Short web captions:
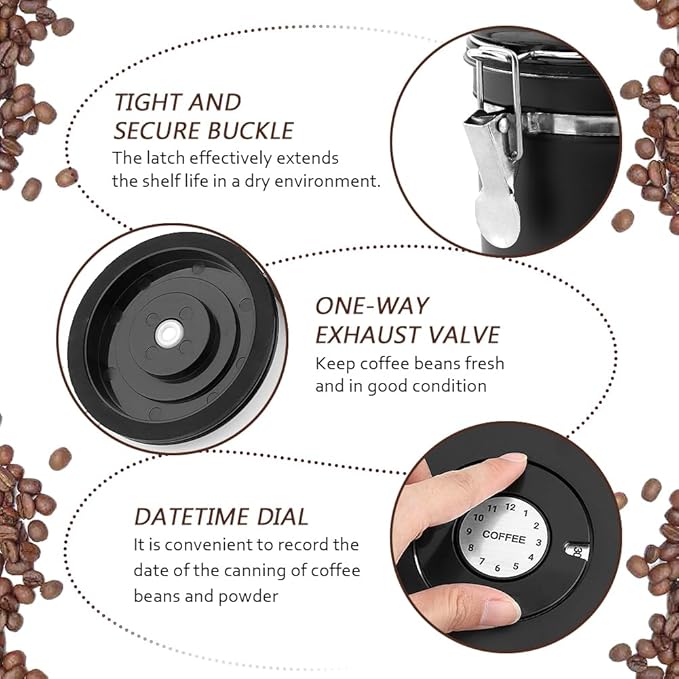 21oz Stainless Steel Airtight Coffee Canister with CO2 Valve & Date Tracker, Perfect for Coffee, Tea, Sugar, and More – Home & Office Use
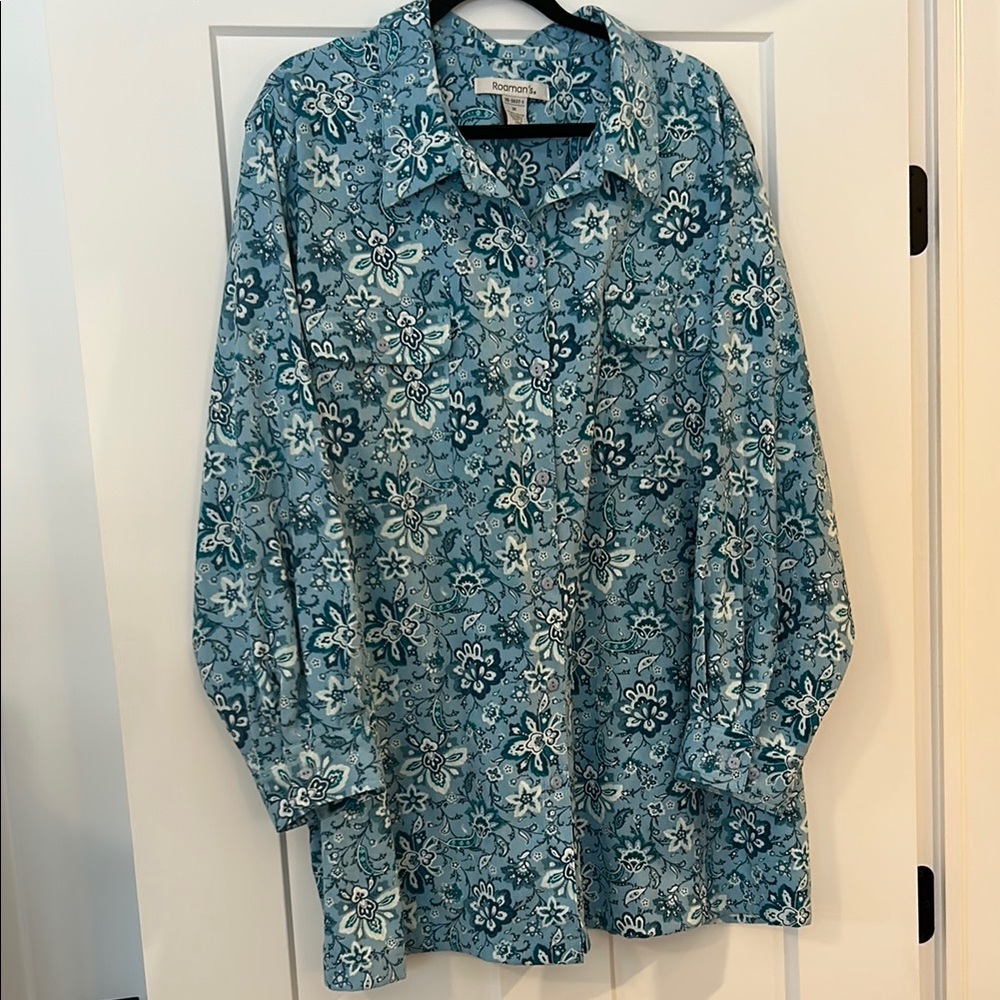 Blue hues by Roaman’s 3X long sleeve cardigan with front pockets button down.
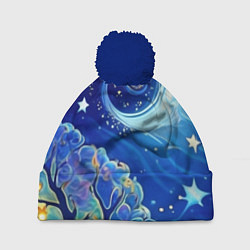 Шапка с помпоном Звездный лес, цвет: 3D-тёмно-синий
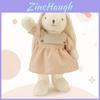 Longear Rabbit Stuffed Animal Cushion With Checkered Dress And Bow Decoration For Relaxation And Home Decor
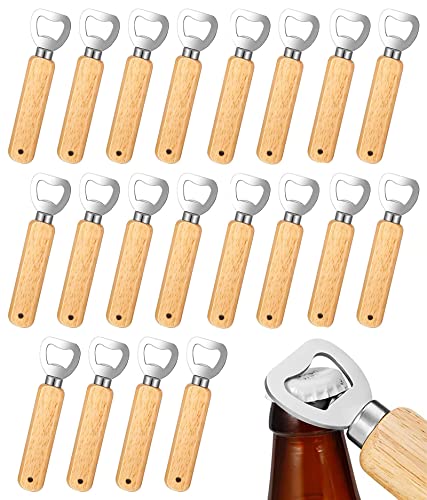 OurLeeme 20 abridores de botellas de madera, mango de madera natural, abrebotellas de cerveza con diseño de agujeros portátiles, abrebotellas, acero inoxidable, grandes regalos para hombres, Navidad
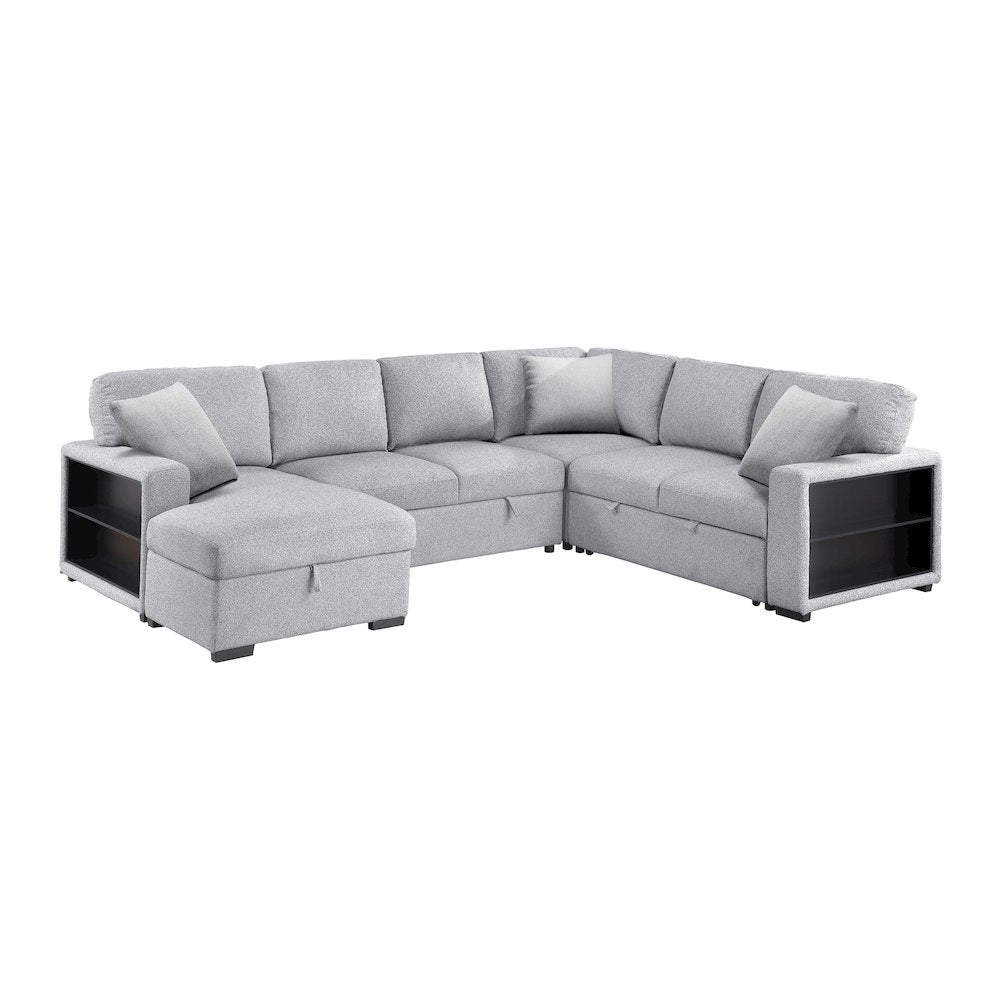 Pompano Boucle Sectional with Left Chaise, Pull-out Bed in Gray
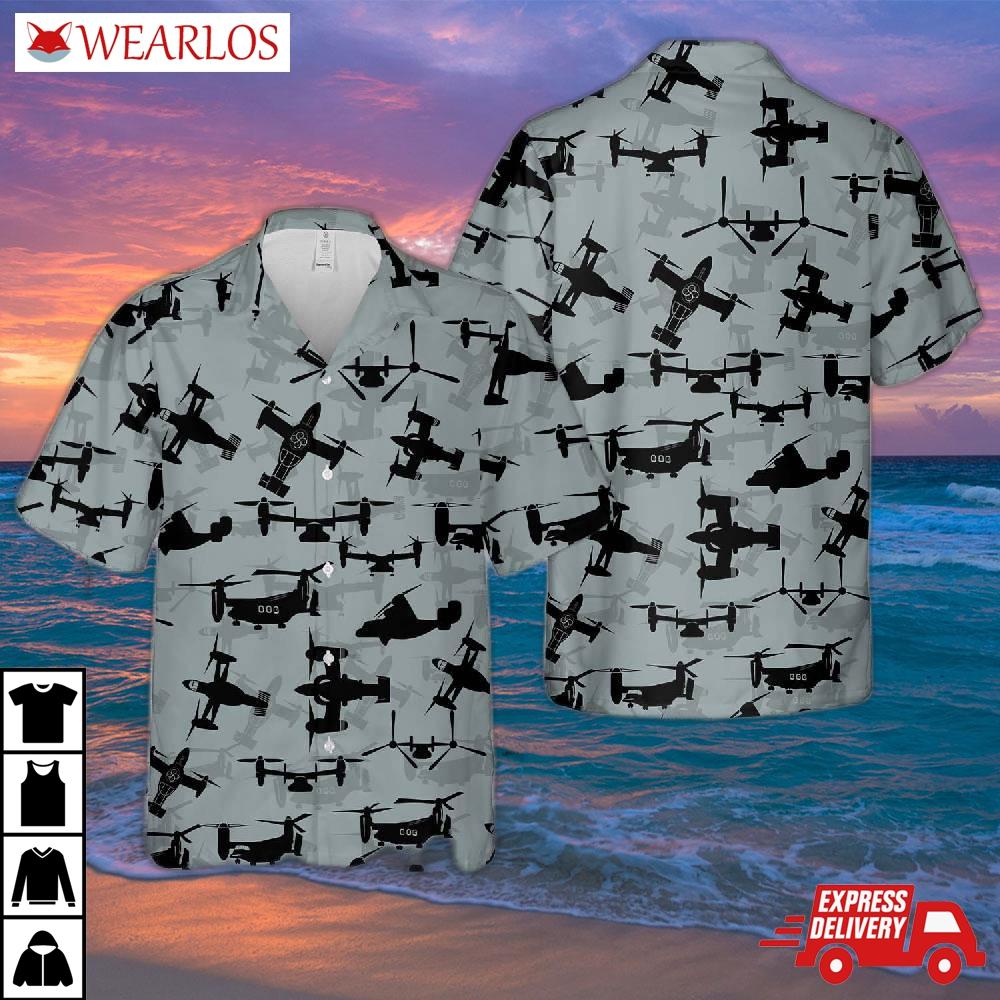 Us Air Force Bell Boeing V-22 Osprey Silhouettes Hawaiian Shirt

### Exercise prompt
Word for word, write out the lines from the top of the records above down to the line holding "Pompano Boucle Sectional", inclusive, but not the pictures.

### Output of the task
 21oz Stainless Steel Airtight Coffee Canister with CO2 Valve & Date Tracker, Perfect for Coffee, Tea, Sugar, and More – Home & Office Use
 Blue hues by Roaman’s 3X long sleeve cardigan with front pockets button down.
 Шапка с помпоном Звездный лес, цвет: 3D-тёмно-синий
 Longear Rabbit Stuffed Animal Cushion With Checkered Dress And Bow Decoration For Relaxation And Home Decor
 OurLeeme 20 abridores de botellas de madera, mango de madera natural, abrebotellas de cerveza con diseño de agujeros portátiles, abrebotellas, acero inoxidable, grandes regalos para hombres, Navidad
 Pompano Boucle Sectional with Left Chaise, Pull-out Bed in Gray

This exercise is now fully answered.